Wednesday, August 4, 2010

O My.

I have something shocking to admit: In a world where women are (might I add, unfairly) expected to be consummate actresses, I have never had to fake an orgasm.

One time over a year ago, I thought I might have to and silently debated the moral ethics of it with myself for about 5 minutes while still, you know, involved in other things. I don't know how much hard, ethical debating you do while having sex, but let me tell you-- it's difficult. There was an emotional tug-o-war between the thought that if I pretended something was happening, this guy would go on with his life thinking that what he was doing actually worked, and the fact that yes, this was going nowhere, nothing even breaching the horizon, and I was beginning to chafe. Thankfully, the dude admitted drunken defeat before I had to deceive, which means that as of right this second, I still can't tell you if I'm even capable of "faking it."

However, I have to admit-- it's not just someone else's capabilities that predetermine if you'll be getting off or not. You can be with someone who's hitting all the right points and passing Ikea's "fit Part A into Slot B" test with flying colors, and fireworks still may not go off. Conversely, it's possible to have an O with a partner during the most random "it's just a normal Tuesday night" sex merely because of the fact you're so compatible with them and have great chemistry. For a stint in time, I was seeing someone with whom every sexual encounter ended in a mutual symphonic finish, and it was (excuse the literal translation) fucking awesome. It wasn't even spectacularly "special" sex-- it was just right-on, freakishly compatible entanglement. It's what everyone should be excited about trying to find and aspire to.
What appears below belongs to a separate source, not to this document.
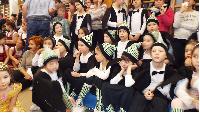 dscf4010.jpg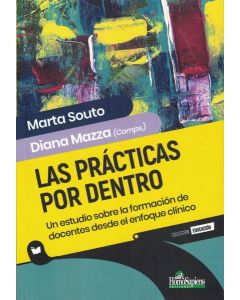 PRACTICAS POR DENTRO, LAS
To set the record straight, women O. Men come. In the heat of the moment, we may like to say we're "coming," but that's only because it sounds frankly Sue Johanson-ish to say "I'm orgasming!" Not so hot. But it's kind of like that whole sweating vs. "glowing" thing: Men sweat. Women "glow." Men come. Women O. (Unless you're at the gym during the summer, and then, bitch, you're sweating buckets.)

Maybe you think I'm being too blunt about this topic. It's not my fault-- it's hereditary. When I told my mother I was having sex at 16, the second question she asked me right after "Are you being safe?" was "Are you orgasming too?" Os are important. They relieve stress, release those feel-good chemicals into your body, bond you closer with your bed buddy, and I don't know about you, but for me at least, double as Lunesta's more fun counterpart-- after a good orgasm, give me about 5 minutes to remain half-way lucid, and then, like a man, I'm down and out for the count for the whole night. Being an insomniac, this is important to me, as I get to combine 2 of my Great Loves-- sex, and sleeping.
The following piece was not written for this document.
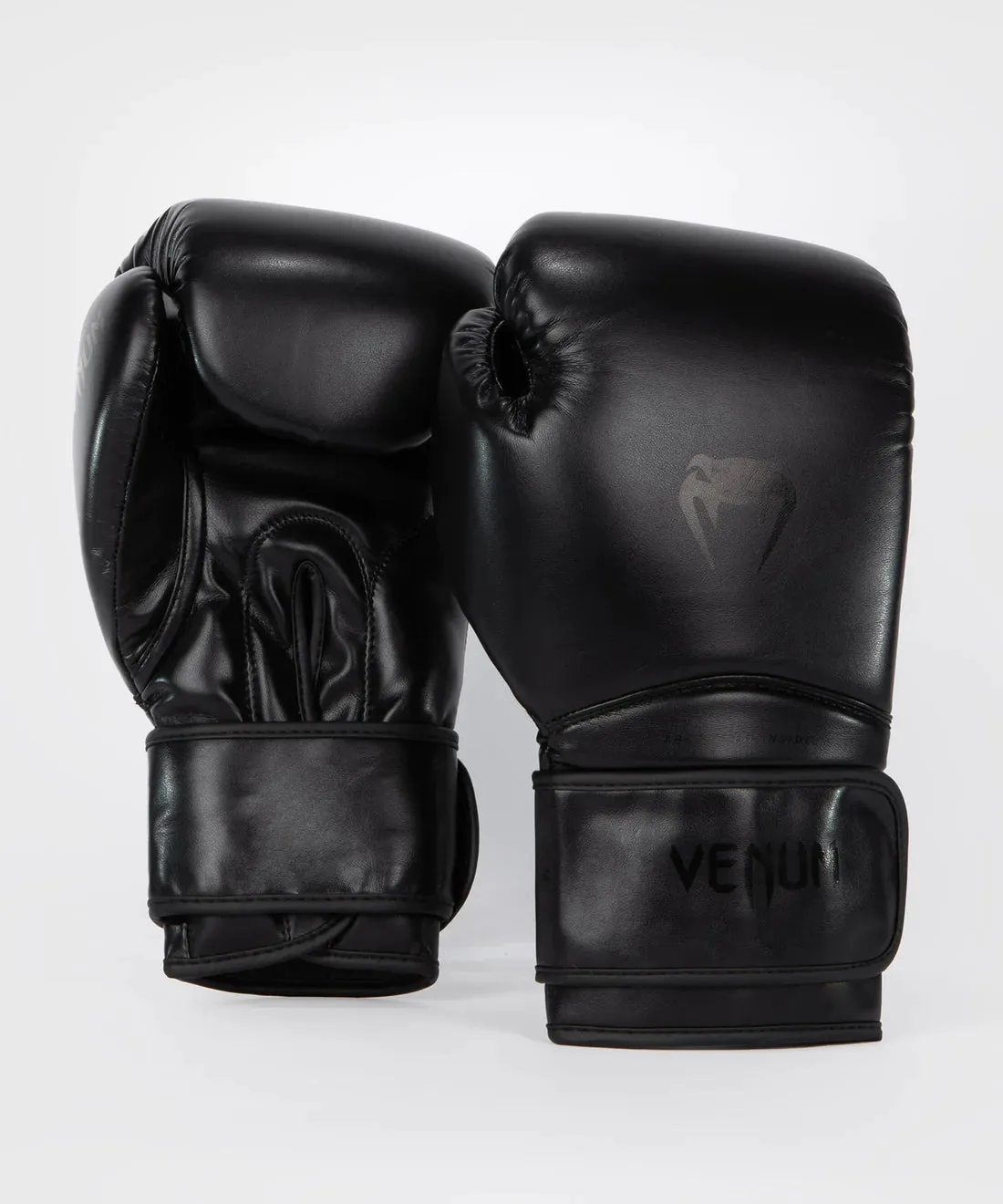 Venum Contender 1.5 Boxing Gloves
While in Italy and not getting friendly with the locals, I mastered the formula to what is known as the "double O." Thankfully, I'm not all that complicated like some women are-- some of us do take more time than others or special treatment, and there's always going to be someone who's never had a solo O or someone who can only have solo Os--but here are some of the keys to a double O of your own.
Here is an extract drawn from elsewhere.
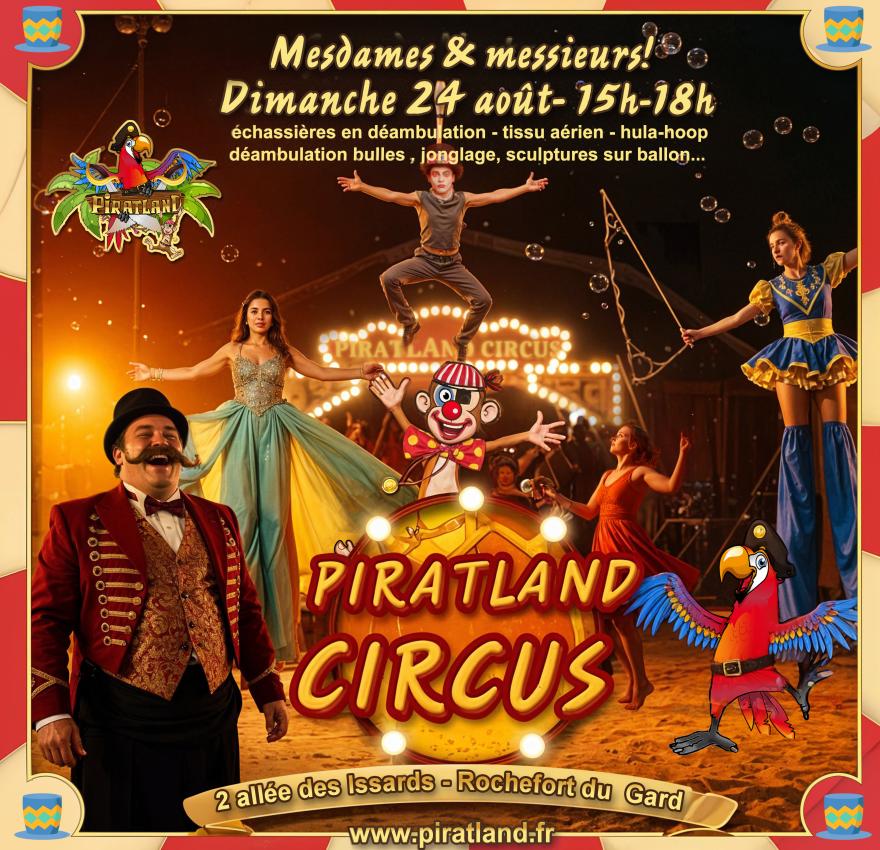 circus-piratland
- First, come once. However you need to get the job done, get it accomplished.
- Then-- and this is the important part-- rest for a minute or two. If you're with someone else, tell them that you're going to need to slack off for a minute. If you're on your own, whatever. No excuses needed. Breathe. Reboot. But be sure to keep a little action going, because you don't want the thought of starting again to fall completely off the face of the Earth. But don't over-do-- this is not a marathon; this is the "leisure" section of this performance.
- And then come again. Because you've already "plateaued," per se, it should be much easier and much faster for you to get to your second peak. Again, whatever it takes (and it shouldn't take that much)-- get there.
- Finally, be very, very pleased with yourself. It is perfectly ok to look like the cat who ate the canary, and then zonk out like a narcoleptic.

I doubt you'll have instant success with doubling your fun, but unlike school or learning to play an instrument, practice is fun.

More people are foreign to this concept because we generally treat sex like a race-- get to that O and you're done. Really, what happens for women is that once you get to that first, your body is just warming up to keep going. Real gentlemen will make it a priority that you achieve at least one O, if not one even before sex. (This is also why they're popular dudes not hurting for honeys.) One of my favorite men of all time would always ask if I'd gotten off at least once before he got on. (Granted, when I O, you know. Not to turn this into an "Old McDonald" sing-a-long or anything.) And if you're a dude, unless you can reload in 2-- haha, sorry, sucks to be you. As always, ladies first. And second. And possibly third.

XOXO

P.S-- And yes, I tagged this as "How To Be Single" because if it's currently just you...well, it can be helpful.